- Leader: Mario Capanna
- Deputy Leader: Francesco Rutelli
- Spokesperson: Edo Ronchi Adelaide Aglietta Adele Faccio
- Founded: 1 January 1989
- Dissolved: 9 December 1990
- Merged into: Federation of the Greens
- Headquarters: Via Salandra 6, Rome
- Ideology: Green politics Eco-socialism
- Political position: Centre-left to left-wing
- European affiliation: European Federation of Green Parties (1989–1990)
- European Parliament group: Green Group (1989–1990)
- Colors: Green

= Rainbow Greens (Italy) =

Rainbow Greens (Verdi Arcobaleno) was a green political party in Italy.

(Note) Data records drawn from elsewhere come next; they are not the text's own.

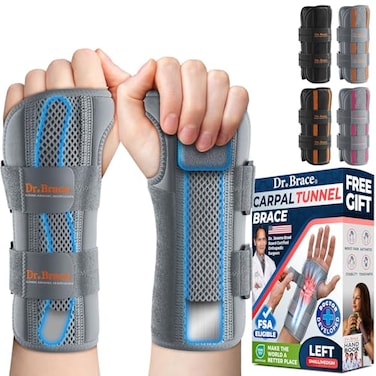 DR. BRACE DR BRACE Carpal Tunnel Wrist Brace Night Support Hand Brace for Pain Relief Tendonitis Sprained Arthritis Upgraded Dual Wrist Splints Therapeutic Cushion For Women Men SM Left Grey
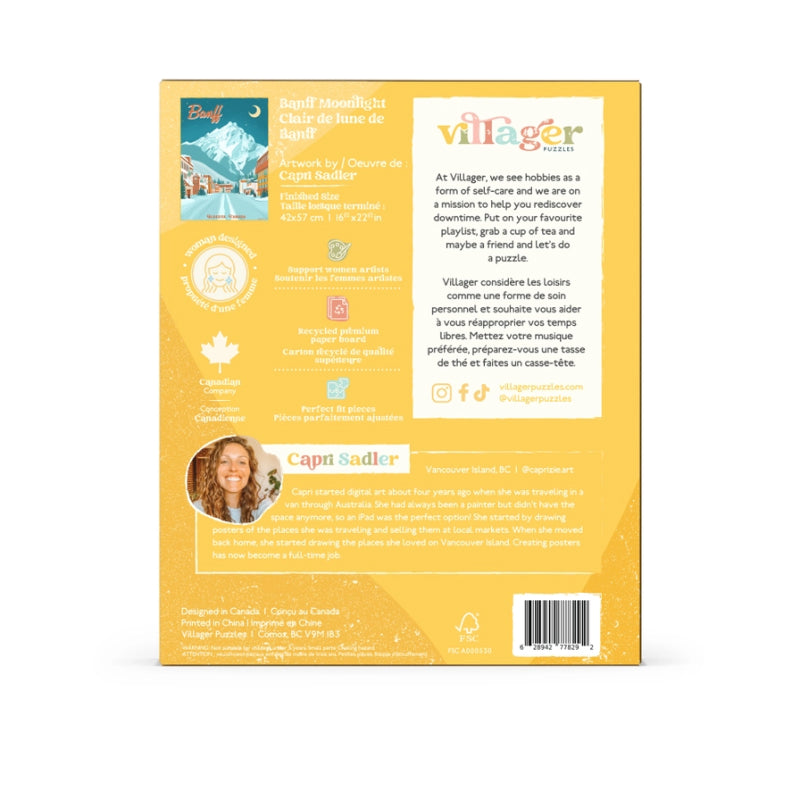 Villager Puzzles Banff Moonlight | 500-Piece Puzzle | Designed in Canada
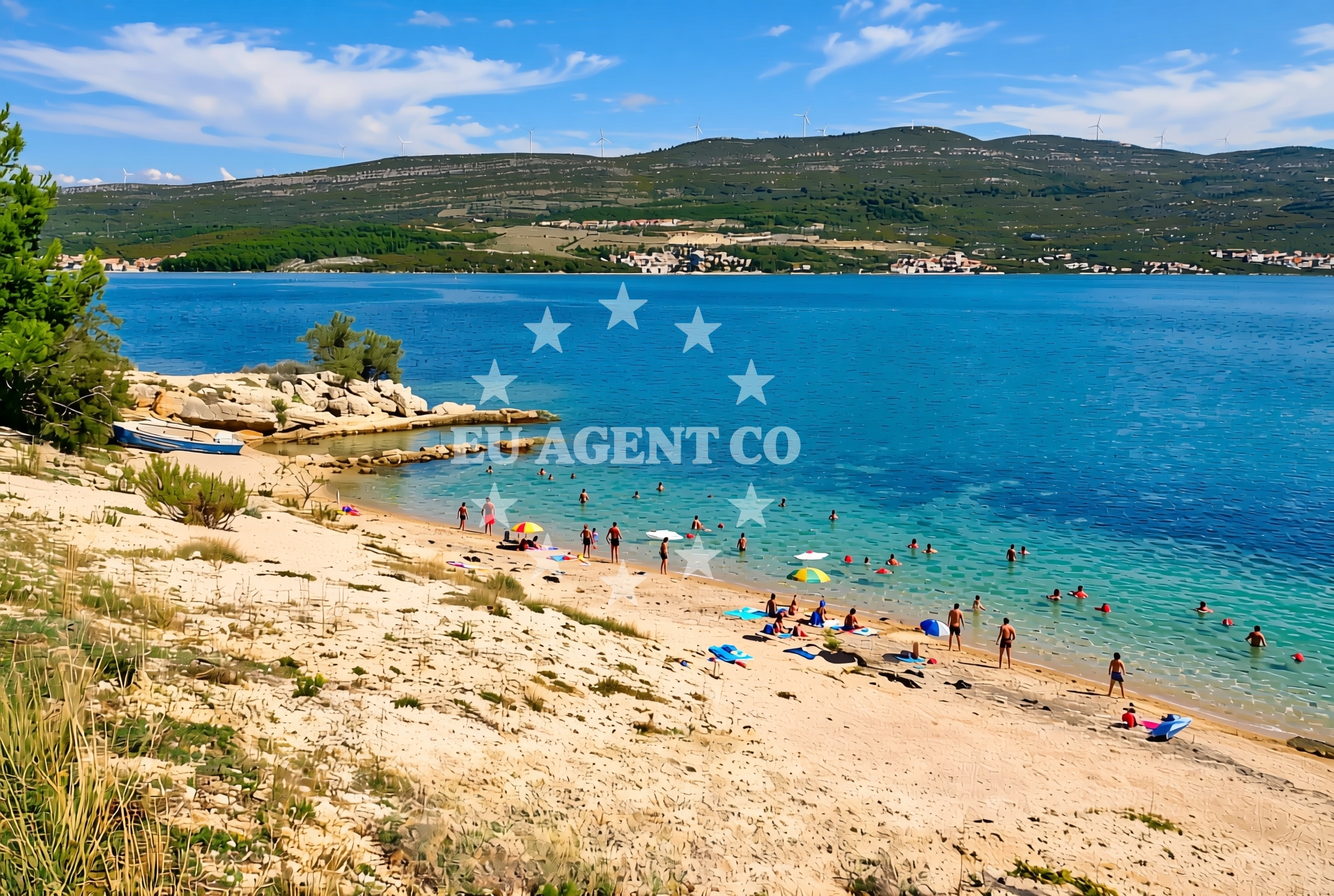 Sea and coastal view of Ćuskijaš jug, Pridraga Beach in Ćuskijaš jug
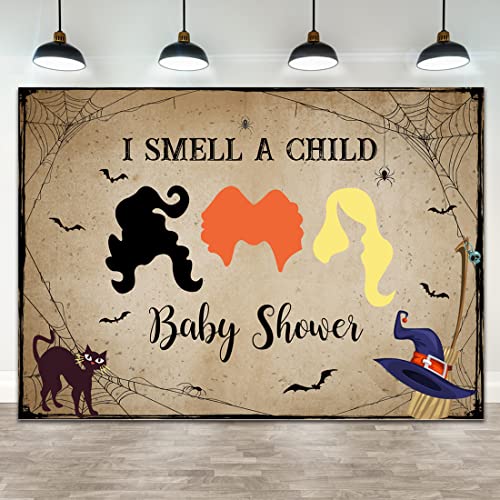 Wollmix Halloween Hocus Pocus telón de fondo decoración de fiesta Banner I Smell a Child Baby Shower Trick or Treat Fondo de fotografía Bruja Hermanas Beben Araña Photo Booth Props Suministros 7 x 5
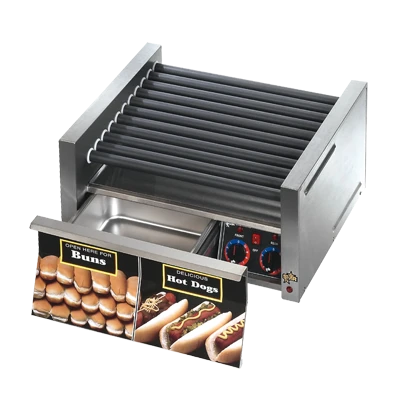 Star 45SCBDE Grill-Max® 45 Hot Dog Grill Duratec® Non-Stick Roller Type with Integrated Bun Drawer and Thermostatic Controls - 120V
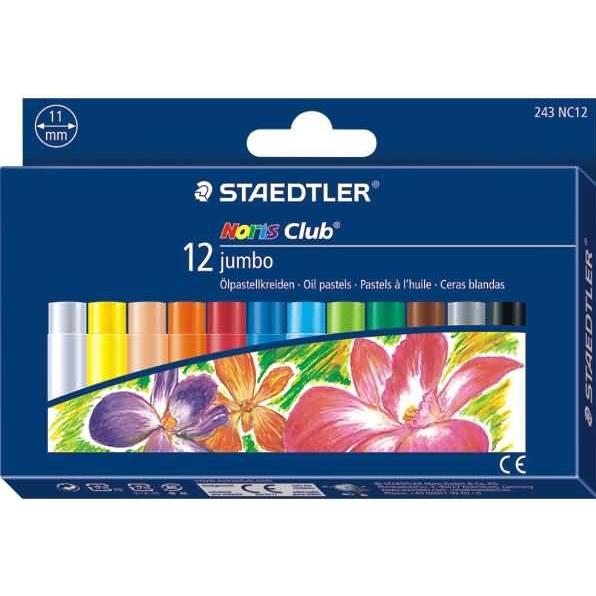 Staedtler, Malstifte, Noris jumbo 243 Öl-Pastellkreide Kartonetui mit 12 Stück, sortiert (Sortiert, 1 x)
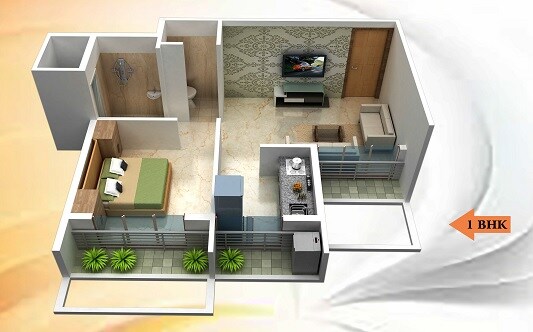 Floor plan of 1 BHK 228 Sq. Ft. Apartment in Sarang Verbena, Navi Mumbai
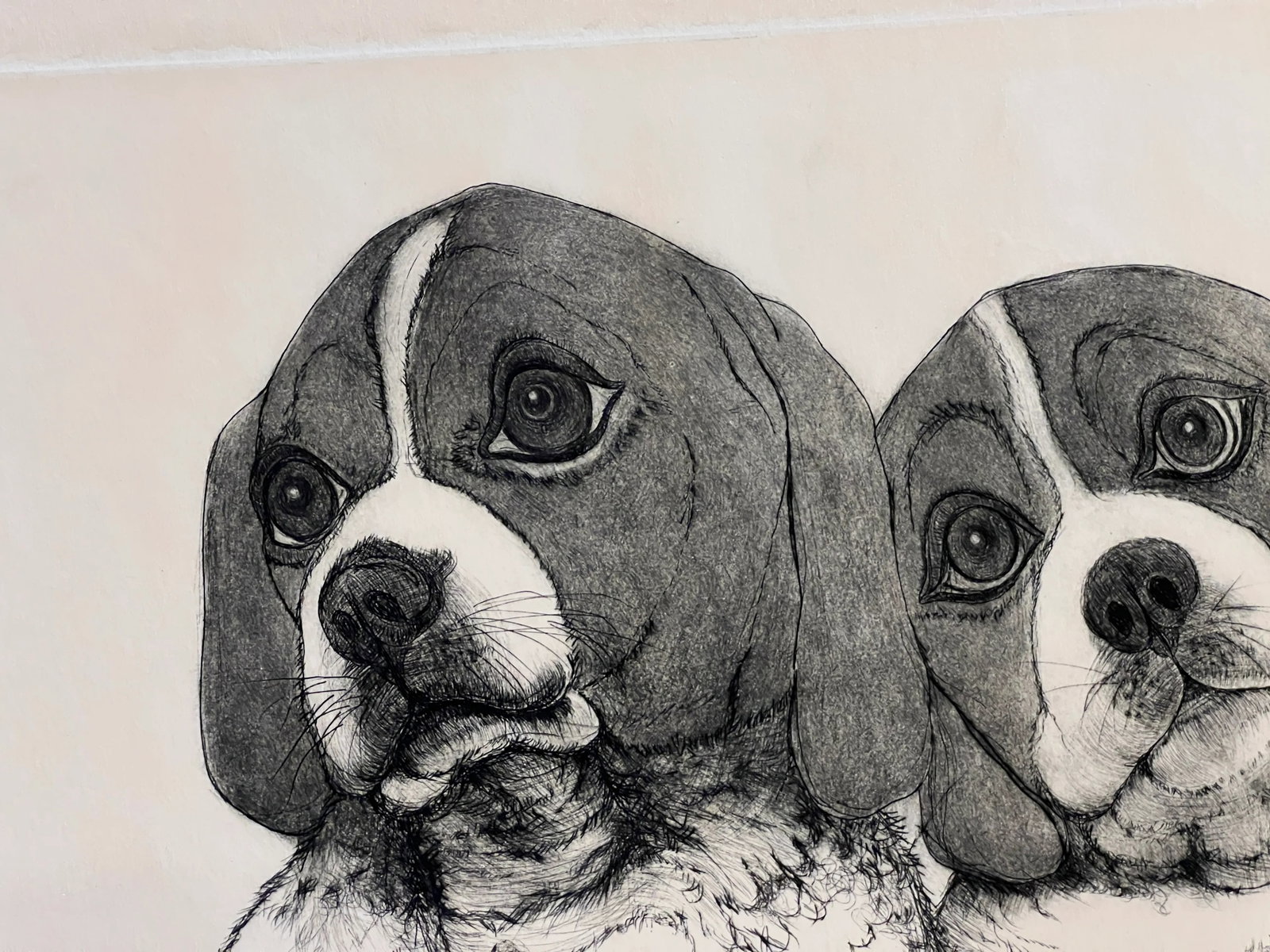 Beagle "Puppies" Etching by Christine McGinnis, Printed by David Lynch - 4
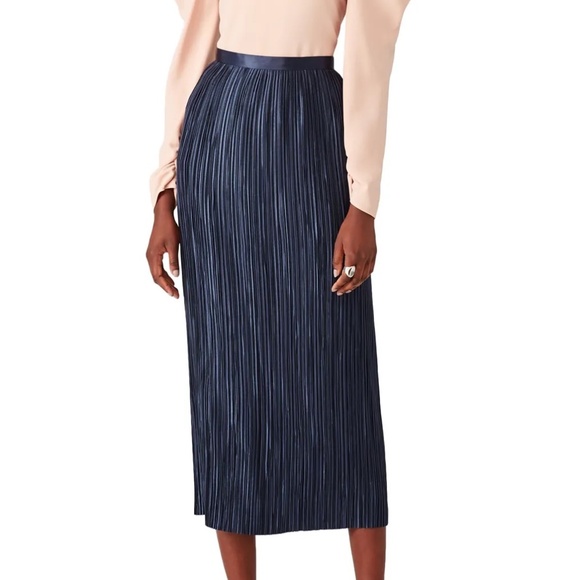 Tibi Dresses & Skirts - Tibi Navy Blue Pleated Skirt Size 8
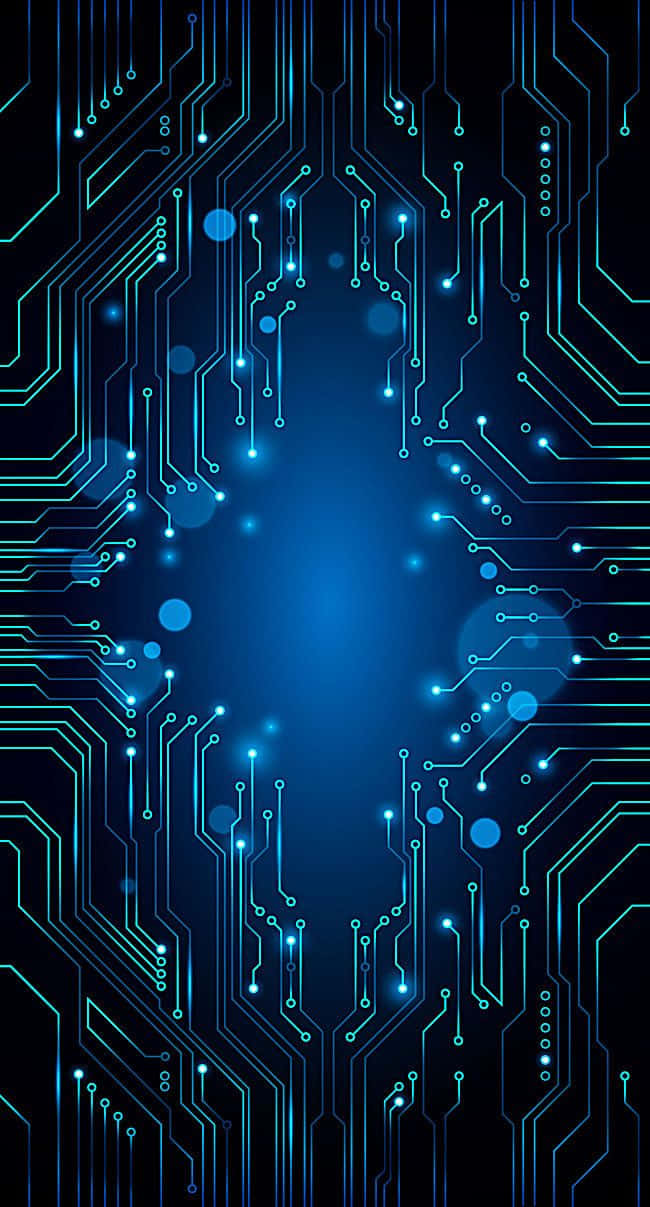 gaming ai 650 x 1207, Glowing blue circuit board pathways, central light source, SD Phone Wallpaper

It was founded in May 1989 by splinters of Proletarian Democracy (Mario Capanna, Virginio Bettini, Gianni Tamino, Edo Ronchi and Paolo Gentiloni) and some leading Radicals (Adelaide Aglietta, Adele Faccio, Francesco Rutelli, Franco Corleone and Marco Boato).

It took part in the 1989 European elections, under the denomination 'Rainbow Greens for Europe' (Verdi Arcobaleno per l'Europa), receiving 2.4% of the vote and electing 2 MEPs, who sat in the Green Group.

In December 1990 it merged with the Federation of Green Lists (Gianni Mattioli, Lino De Benetti, Gianfranco Amendola, Alexander Langer, Enrico Falqui, Sauro Turroni and Alfonso Pecoraro Scanio) to form the Federation of the Greens.